From the early 4th century, Lake Zaysan and the Irtysh on either side of it came under the control of three successive Turkic empires: the Rouran Khaganate, the First Turkic Khaganate, and the Second Turkic Khaganate. After the reformation of the nomadic state by the Gokturks in the 500s and their subsequent division into eastern and western halves, Lake Zaysan was conquered by China's Tang Dynasty in the 600s during the Battle of Irtysh River.

After the loss of the Tang's northern possessions, the lake came to be governed by various nomadic tribes of the Karluks and the Oirats during the middle medieval period from the 700s–1000s. Two major powers controlling the region from the 1000s–1215 were the Kara-Khanids and the Qara-Khitai, the latter being overrun by the Mongol general Jebe in 1216. From thence, Lake Zaysan passed into Mongol possession. When the empire was yet unified, the lake served as a waypoint for large Mongol expeditions into Central and Western Asia from Mongolia, such as those of Genghis Khan (1224) and Hulagu Khan (1251).

The region continued to be administered under the Yuan Dynasty, before later being divided between local nomadic powers. Timur launched a military expedition to the lake and the Black Irtysh in 1391 in pursuit of the Moghul khan Qumaruddin Dughlat.

The first Russian to reach the area was Ivan Bukholts who ascended the Irtysh to build a fort and search for gold. In 1715 he was driven back downriver by the Oirats, who had established the Zunghar Khanate in the region.

The Chinese Qing Empire conquered the Zunghar state in the 1750s. This prompted an increase in the Russian authorities' attention to their borderland; in 1756, the Orenburg Governor Ivan Neplyuyev even proposed the annexation of the Lake Zaysan region, but this project was forestalled by Chinese successes. Concerns were raised in Russia (1759) about the (theoretical) possibility of a Chinese fleet sailing from Lake Zaysan down the Irtysh and into Western Siberia. A Russian expedition visited Lake Zaysan in 1764, and concluded that such a riverine invasion would not be likely. Nonetheless, a chain of Russian pickets was established on the Bukhtarma River, north of Lake Zaysan.

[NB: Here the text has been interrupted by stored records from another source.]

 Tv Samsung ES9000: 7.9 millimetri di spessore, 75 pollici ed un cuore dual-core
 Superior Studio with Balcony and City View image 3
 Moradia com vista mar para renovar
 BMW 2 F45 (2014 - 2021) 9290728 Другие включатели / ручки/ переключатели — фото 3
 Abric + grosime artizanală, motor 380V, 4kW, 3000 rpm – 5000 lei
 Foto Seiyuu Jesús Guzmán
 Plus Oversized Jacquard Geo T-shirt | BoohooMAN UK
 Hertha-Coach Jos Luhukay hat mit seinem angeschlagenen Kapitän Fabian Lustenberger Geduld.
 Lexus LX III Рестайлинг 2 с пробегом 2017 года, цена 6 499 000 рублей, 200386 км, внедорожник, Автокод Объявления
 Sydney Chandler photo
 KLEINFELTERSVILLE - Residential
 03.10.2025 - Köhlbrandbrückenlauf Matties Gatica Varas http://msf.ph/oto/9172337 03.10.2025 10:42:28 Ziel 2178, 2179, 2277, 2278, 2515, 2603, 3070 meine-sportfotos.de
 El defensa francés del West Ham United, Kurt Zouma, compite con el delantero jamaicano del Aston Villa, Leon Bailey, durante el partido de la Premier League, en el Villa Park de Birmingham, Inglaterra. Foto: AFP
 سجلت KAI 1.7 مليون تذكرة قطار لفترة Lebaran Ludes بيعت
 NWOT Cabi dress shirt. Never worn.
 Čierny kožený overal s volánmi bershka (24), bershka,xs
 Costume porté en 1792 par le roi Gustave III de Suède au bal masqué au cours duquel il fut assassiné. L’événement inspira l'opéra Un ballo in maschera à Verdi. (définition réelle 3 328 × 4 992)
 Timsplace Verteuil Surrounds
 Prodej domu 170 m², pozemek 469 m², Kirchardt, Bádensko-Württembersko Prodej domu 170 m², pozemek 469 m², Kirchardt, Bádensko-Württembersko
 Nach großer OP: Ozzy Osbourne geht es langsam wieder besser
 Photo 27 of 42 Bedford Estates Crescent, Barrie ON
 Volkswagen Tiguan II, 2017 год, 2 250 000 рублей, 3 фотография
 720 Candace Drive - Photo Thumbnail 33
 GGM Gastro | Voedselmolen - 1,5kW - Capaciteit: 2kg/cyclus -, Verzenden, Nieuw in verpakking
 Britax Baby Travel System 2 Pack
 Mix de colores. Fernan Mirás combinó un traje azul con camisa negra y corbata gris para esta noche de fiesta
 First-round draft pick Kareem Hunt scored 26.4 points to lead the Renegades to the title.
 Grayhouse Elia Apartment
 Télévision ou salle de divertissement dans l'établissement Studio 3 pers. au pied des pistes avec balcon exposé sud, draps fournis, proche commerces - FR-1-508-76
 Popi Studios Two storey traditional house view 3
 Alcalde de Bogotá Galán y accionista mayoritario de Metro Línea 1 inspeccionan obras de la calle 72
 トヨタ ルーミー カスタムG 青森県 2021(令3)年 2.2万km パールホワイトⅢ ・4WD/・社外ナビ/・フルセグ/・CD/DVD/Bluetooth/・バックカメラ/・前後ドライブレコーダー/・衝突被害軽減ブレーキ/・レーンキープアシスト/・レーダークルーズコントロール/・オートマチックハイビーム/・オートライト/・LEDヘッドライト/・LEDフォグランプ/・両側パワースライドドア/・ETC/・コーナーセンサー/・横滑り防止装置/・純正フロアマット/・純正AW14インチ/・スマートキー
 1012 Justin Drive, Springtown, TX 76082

Thus the border between the two empires in the Irtysh basin became roughly delineated, with a (sparse) chain of guard posts on both sides.

The situation on the Zaysan in the mid-19th century is described in a report by A. Abramof (1865). Even though the Zaysan region was recognized by both parties as part of the Qing Empire, it had been annually used by fishing expeditions sent by the Siberian Cossack Host. These summer expeditions started in 1803. And in 1822–25, their range was expanded through the entire Lake Zaysan and to the mouth of the Black Irtysh. Through the mid-19th century, the Qing presence on the upper Irtysh was mostly limited to the annual visit of the Qing amban from Chuguchak to one of the Cossacks' fishing stations (Batavski Piket).

The border between the Russian and the Qing empires in the Irtysh basin was established along the line fairly similar to China's modern border with Russia and Kazakhstan by the Convention of Peking of 1860. The actual border line pursuant to the convention was drawn by the Protocol of Chuguchak (1864), leaving Lake Zaysan on the Russian side. The Qing Empire's military presence in the Irtysh basin crumbled during the Dungan revolt (1862–77). After the fall of the rebellion and the reconquest of Xinjiang by Zuo Zongtang, the border between the Russian and the Qing empires in the Irtysh basin was further slightly readjusted, in Russia's favor, by the Treaty of Saint Petersburg (1881).